WORK INSTRUCTIONS — Find the line with "おまけ付き iPhone16 128 本体 iFace ケース フィルム付き" and the line with "Papan Bunga Duka di Selumit" in the entries below; output exactly those two lines, every line between them, and no others.

EXTRACTED MATERIAL —
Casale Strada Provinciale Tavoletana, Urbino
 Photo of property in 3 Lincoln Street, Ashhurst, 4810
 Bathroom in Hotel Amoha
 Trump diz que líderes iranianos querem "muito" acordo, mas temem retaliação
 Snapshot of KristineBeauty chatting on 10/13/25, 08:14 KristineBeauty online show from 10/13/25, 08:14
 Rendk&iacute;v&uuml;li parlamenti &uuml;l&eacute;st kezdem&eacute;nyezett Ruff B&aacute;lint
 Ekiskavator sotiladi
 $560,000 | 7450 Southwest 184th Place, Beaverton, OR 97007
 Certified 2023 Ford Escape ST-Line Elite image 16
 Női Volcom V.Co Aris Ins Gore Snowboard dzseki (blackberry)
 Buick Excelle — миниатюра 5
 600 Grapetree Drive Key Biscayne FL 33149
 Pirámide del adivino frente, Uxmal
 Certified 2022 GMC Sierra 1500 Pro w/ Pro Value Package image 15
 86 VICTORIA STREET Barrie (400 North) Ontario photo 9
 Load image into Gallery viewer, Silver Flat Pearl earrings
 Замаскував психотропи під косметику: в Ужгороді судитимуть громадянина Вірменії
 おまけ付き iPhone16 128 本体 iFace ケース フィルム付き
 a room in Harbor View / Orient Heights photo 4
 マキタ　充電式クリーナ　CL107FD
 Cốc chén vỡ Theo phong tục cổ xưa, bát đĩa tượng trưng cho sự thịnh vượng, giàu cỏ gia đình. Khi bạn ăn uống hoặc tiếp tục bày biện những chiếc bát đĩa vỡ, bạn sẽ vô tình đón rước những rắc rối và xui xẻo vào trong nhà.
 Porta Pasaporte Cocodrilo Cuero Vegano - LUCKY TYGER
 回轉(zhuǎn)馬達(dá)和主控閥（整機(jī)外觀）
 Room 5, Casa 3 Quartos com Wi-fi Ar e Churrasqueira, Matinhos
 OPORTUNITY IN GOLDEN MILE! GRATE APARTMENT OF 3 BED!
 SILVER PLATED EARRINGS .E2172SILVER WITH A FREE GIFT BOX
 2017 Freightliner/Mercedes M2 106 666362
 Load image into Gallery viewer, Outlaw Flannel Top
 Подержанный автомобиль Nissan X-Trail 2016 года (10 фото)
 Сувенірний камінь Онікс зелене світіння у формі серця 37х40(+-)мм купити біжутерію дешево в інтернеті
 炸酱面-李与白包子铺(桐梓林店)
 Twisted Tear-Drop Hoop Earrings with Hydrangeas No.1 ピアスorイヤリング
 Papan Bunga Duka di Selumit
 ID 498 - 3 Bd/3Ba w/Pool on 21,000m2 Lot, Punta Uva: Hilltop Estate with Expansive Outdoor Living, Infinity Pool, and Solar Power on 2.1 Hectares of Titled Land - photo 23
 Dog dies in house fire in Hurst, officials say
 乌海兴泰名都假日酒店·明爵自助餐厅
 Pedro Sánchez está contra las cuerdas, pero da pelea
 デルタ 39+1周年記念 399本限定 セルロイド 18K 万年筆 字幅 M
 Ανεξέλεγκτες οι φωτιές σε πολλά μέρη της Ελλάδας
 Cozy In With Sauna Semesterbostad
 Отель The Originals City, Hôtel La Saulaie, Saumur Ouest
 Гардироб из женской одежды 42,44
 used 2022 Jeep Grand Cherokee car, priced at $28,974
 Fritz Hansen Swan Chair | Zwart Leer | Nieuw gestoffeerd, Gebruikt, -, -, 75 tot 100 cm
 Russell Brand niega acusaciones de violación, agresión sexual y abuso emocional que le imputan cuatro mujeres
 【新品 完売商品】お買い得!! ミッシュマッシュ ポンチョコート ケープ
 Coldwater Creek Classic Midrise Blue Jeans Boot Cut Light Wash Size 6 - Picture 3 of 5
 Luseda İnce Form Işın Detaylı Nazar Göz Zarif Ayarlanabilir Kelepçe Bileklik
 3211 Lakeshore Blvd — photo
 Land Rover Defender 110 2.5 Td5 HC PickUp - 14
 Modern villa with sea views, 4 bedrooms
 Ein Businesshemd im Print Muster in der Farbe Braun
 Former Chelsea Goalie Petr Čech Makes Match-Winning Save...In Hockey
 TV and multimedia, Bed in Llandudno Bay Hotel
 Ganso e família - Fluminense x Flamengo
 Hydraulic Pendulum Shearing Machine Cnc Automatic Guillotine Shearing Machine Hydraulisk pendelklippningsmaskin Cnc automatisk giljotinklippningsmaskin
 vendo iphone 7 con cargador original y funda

RESULT OF THIS TASK —
 おまけ付き iPhone16 128 本体 iFace ケース フィルム付き
 a room in Harbor View / Orient Heights photo 4
 マキタ　充電式クリーナ　CL107FD
 Cốc chén vỡ Theo phong tục cổ xưa, bát đĩa tượng trưng cho sự thịnh vượng, giàu cỏ gia đình. Khi bạn ăn uống hoặc tiếp tục bày biện những chiếc bát đĩa vỡ, bạn sẽ vô tình đón rước những rắc rối và xui xẻo vào trong nhà.
 Porta Pasaporte Cocodrilo Cuero Vegano - LUCKY TYGER
 回轉(zhuǎn)馬達(dá)和主控閥（整機(jī)外觀）
 Room 5, Casa 3 Quartos com Wi-fi Ar e Churrasqueira, Matinhos
 OPORTUNITY IN GOLDEN MILE! GRATE APARTMENT OF 3 BED!
 SILVER PLATED EARRINGS .E2172SILVER WITH A FREE GIFT BOX
 2017 Freightliner/Mercedes M2 106 666362
 Load image into Gallery viewer, Outlaw Flannel Top
 Подержанный автомобиль Nissan X-Trail 2016 года (10 фото)
 Сувенірний камінь Онікс зелене світіння у формі серця 37х40(+-)мм купити біжутерію дешево в інтернеті
 炸酱面-李与白包子铺(桐梓林店)
 Twisted Tear-Drop Hoop Earrings with Hydrangeas No.1 ピアスorイヤリング
 Papan Bunga Duka di Selumit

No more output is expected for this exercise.